# [Exercise goal]
Please retype the entries below word for word, passing over every picture.

# [Data records]
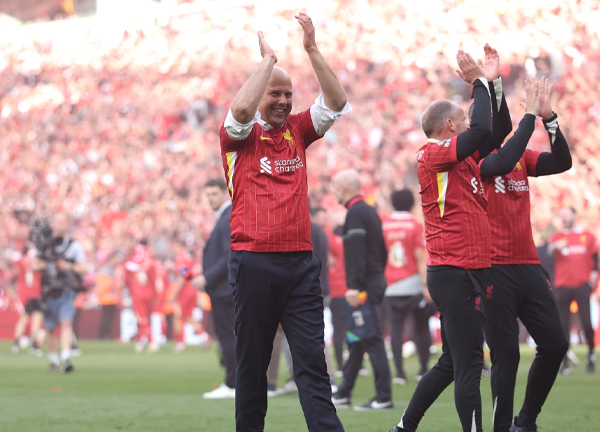 ‘สล็อท’ ซึ้งใจค็อปช่วยสร้างบรรยากาศพิเศษในวันฉลองแชมป์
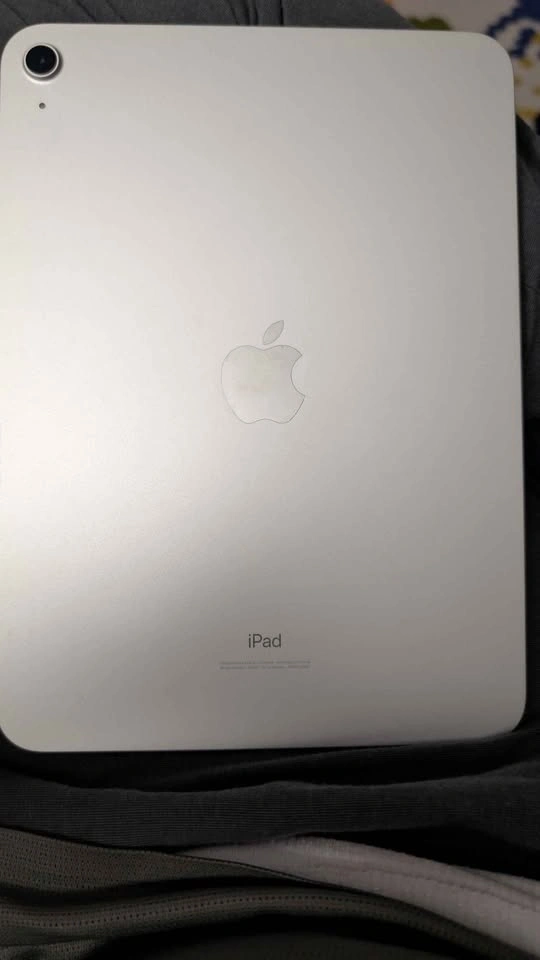 Apple iPad 10th Gen 256GB - Used Like New - photo 3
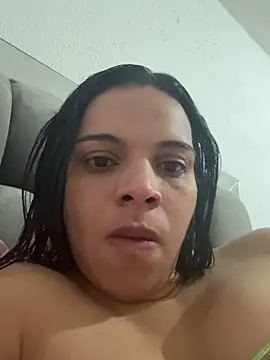 Snapshot of Anavalle chatting on 03.15.26 Anavalle online show from 03.15.26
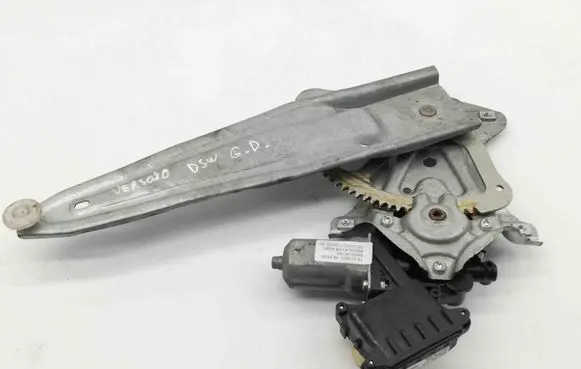 Rear window lifting mechanism without motor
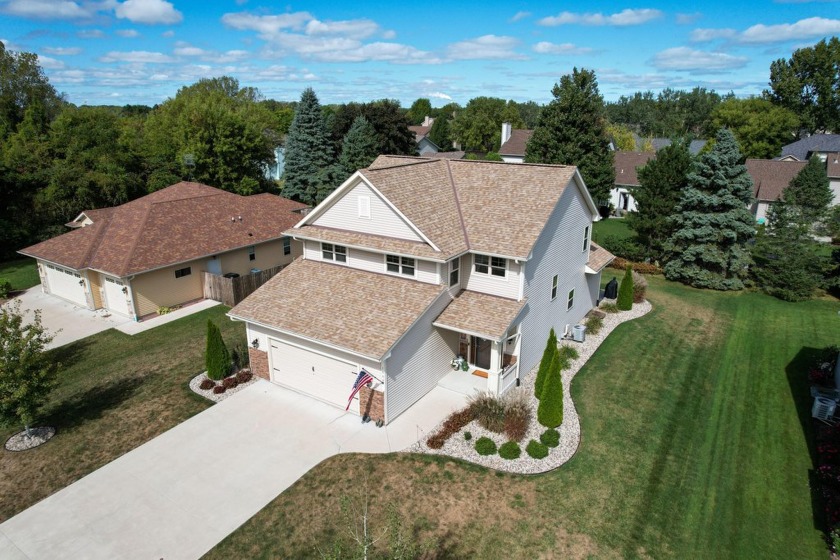 Welcome to your dream home! This immaculate 3-bedroom, 2 - Beach Home for sale in Racine, Wisconsin on Beachhouse.com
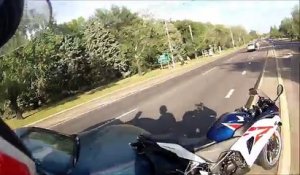 Crash: Un motard se fait renverser par une voiture dans un carambolage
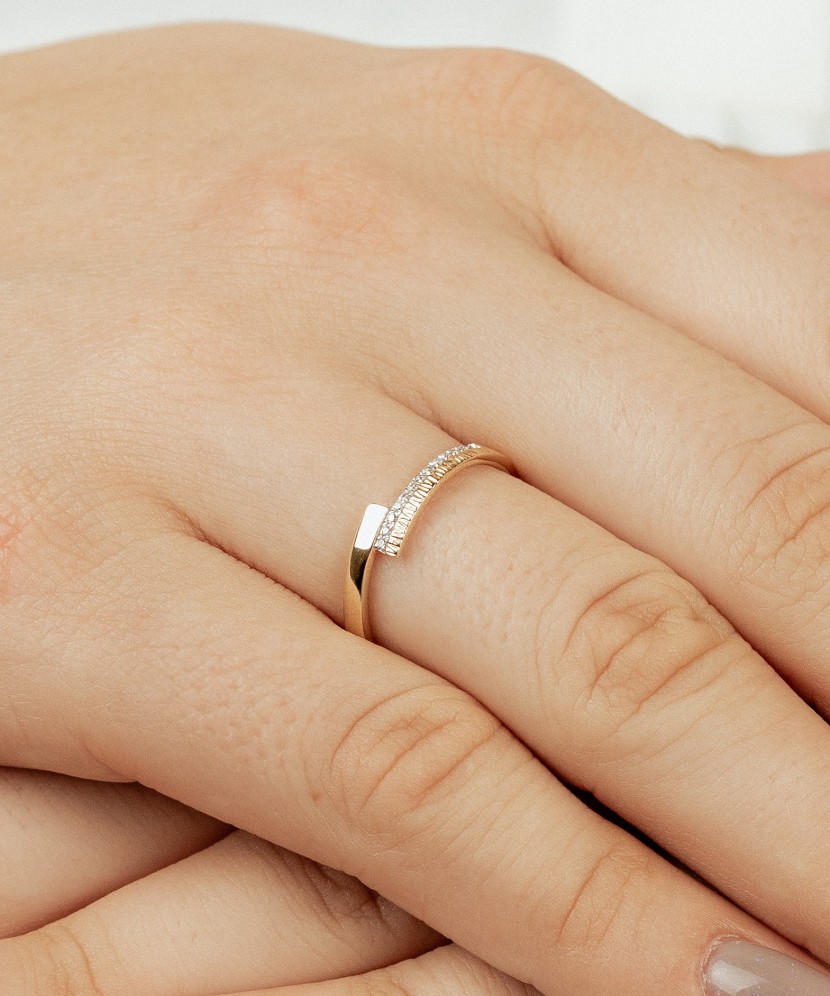 Dzeltena Zelta Gredzens Ar Dimantiem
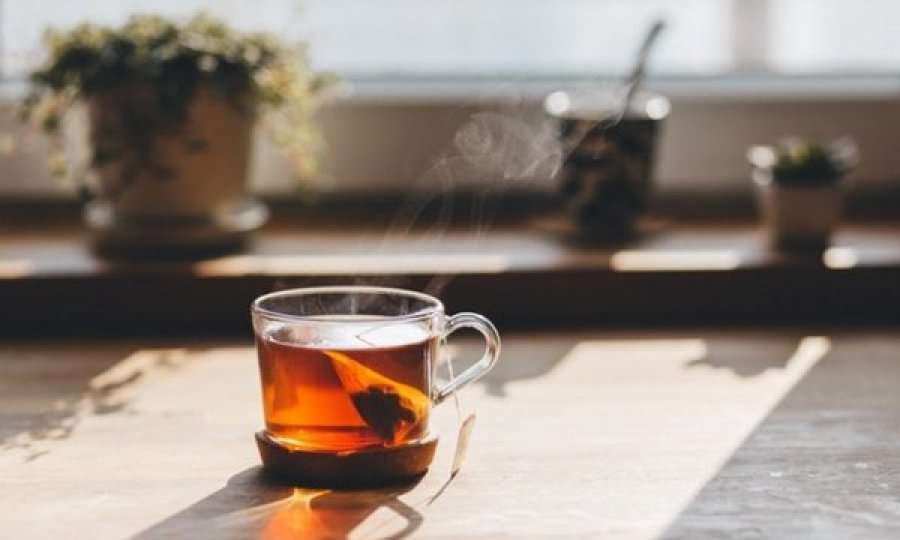 Një filxhan çaj i gjelbër ngadalëson inflamacionin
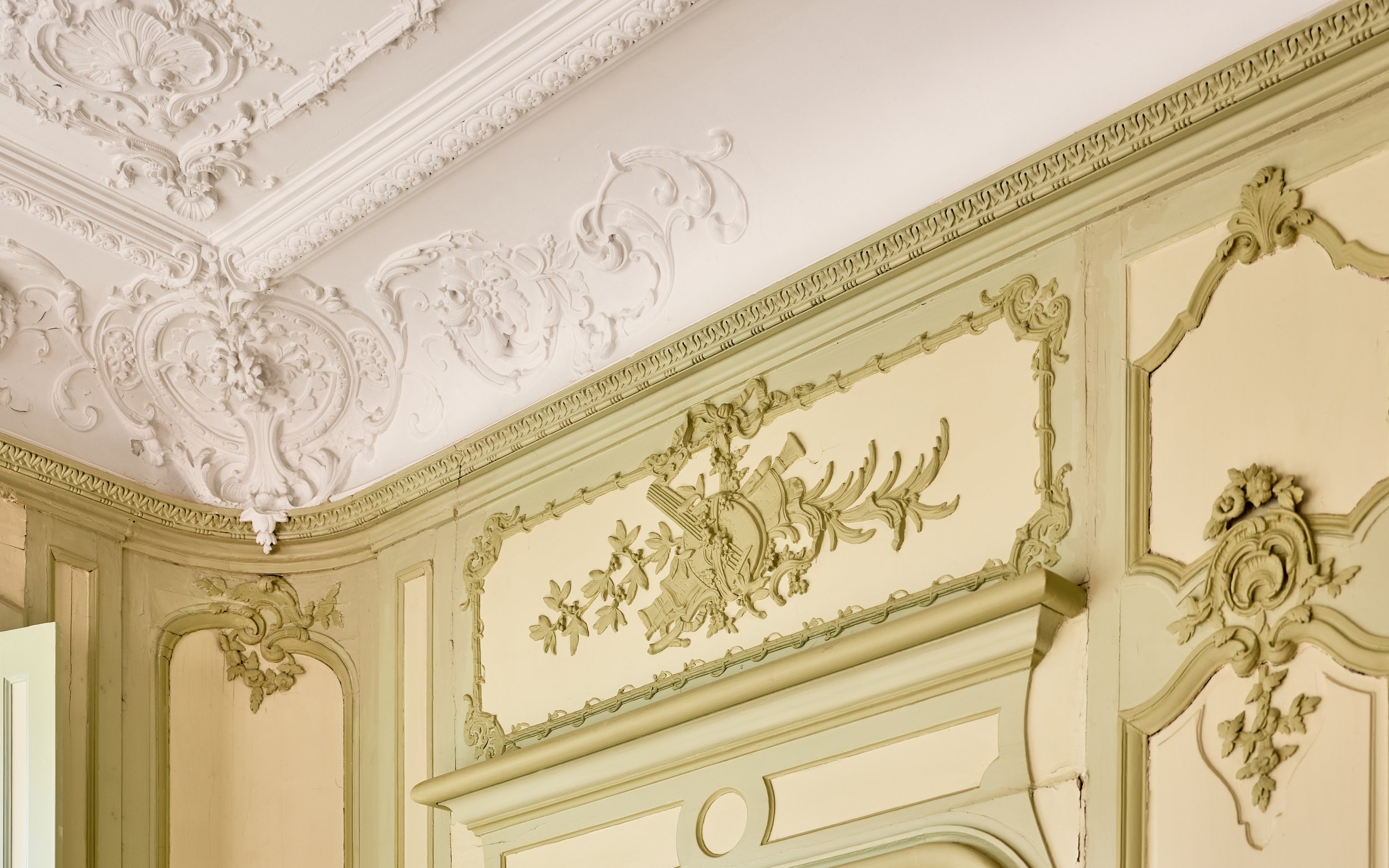 Francis-York-a-classic-french-apartment-in-an-18th-century-hotel-particulier-in-besancon-44.jpg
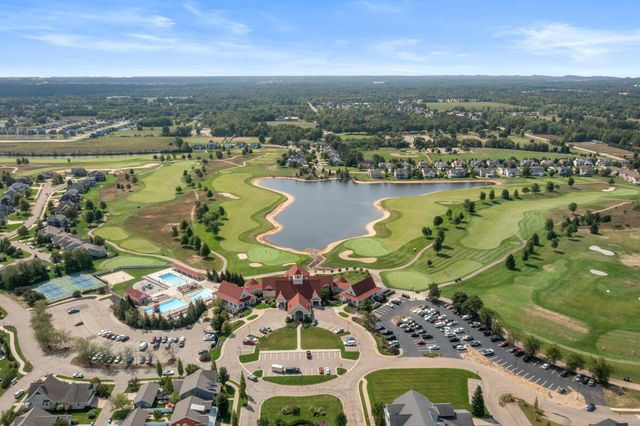 4707 Macatawa Legends Boulevard, Holland, MI 49424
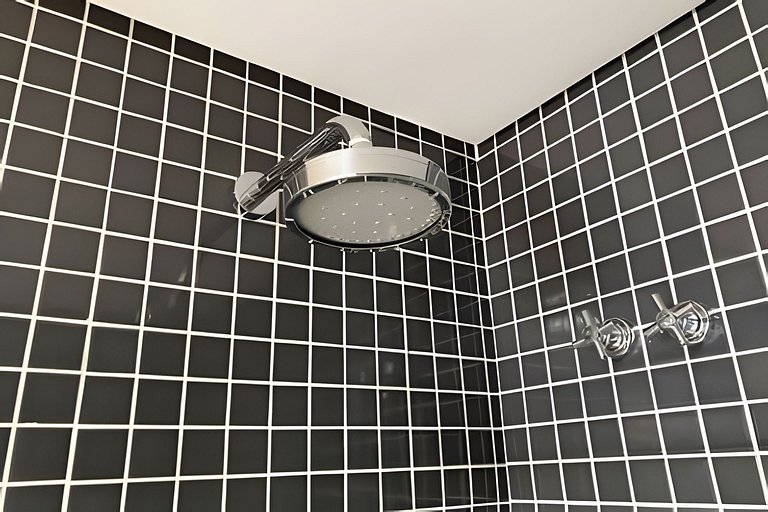 Apto alto padrão c/ Linda Vista em frente o Hilton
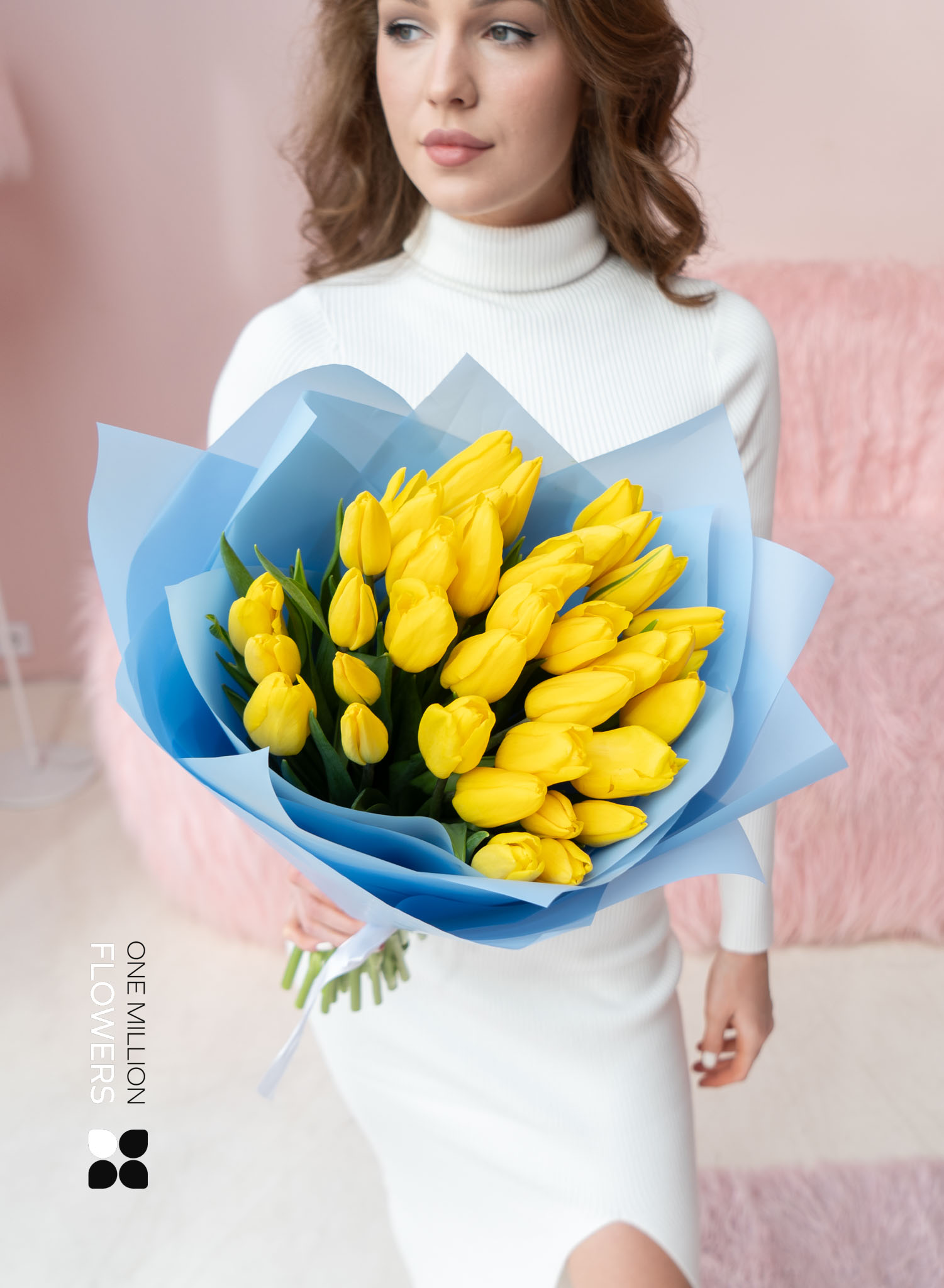 Букет из 25 тюльпанов "Стронг Голд" Blue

# [Exercise answer]
 ‘สล็อท’ ซึ้งใจค็อปช่วยสร้างบรรยากาศพิเศษในวันฉลองแชมป์
 Apple iPad 10th Gen 256GB - Used Like New - photo 3
 Snapshot of Anavalle chatting on 03.15.26 Anavalle online show from 03.15.26
 Rear window lifting mechanism without motor
 Welcome to your dream home! This immaculate 3-bedroom, 2 - Beach Home for sale in Racine, Wisconsin on Beachhouse.com
 Crash: Un motard se fait renverser par une voiture dans un carambolage
 Dzeltena Zelta Gredzens Ar Dimantiem
 Një filxhan çaj i gjelbër ngadalëson inflamacionin
 Francis-York-a-classic-french-apartment-in-an-18th-century-hotel-particulier-in-besancon-44.jpg
 4707 Macatawa Legends Boulevard, Holland, MI 49424
 Apto alto padrão c/ Linda Vista em frente o Hilton
 Букет из 25 тюльпанов "Стронг Голд" Blue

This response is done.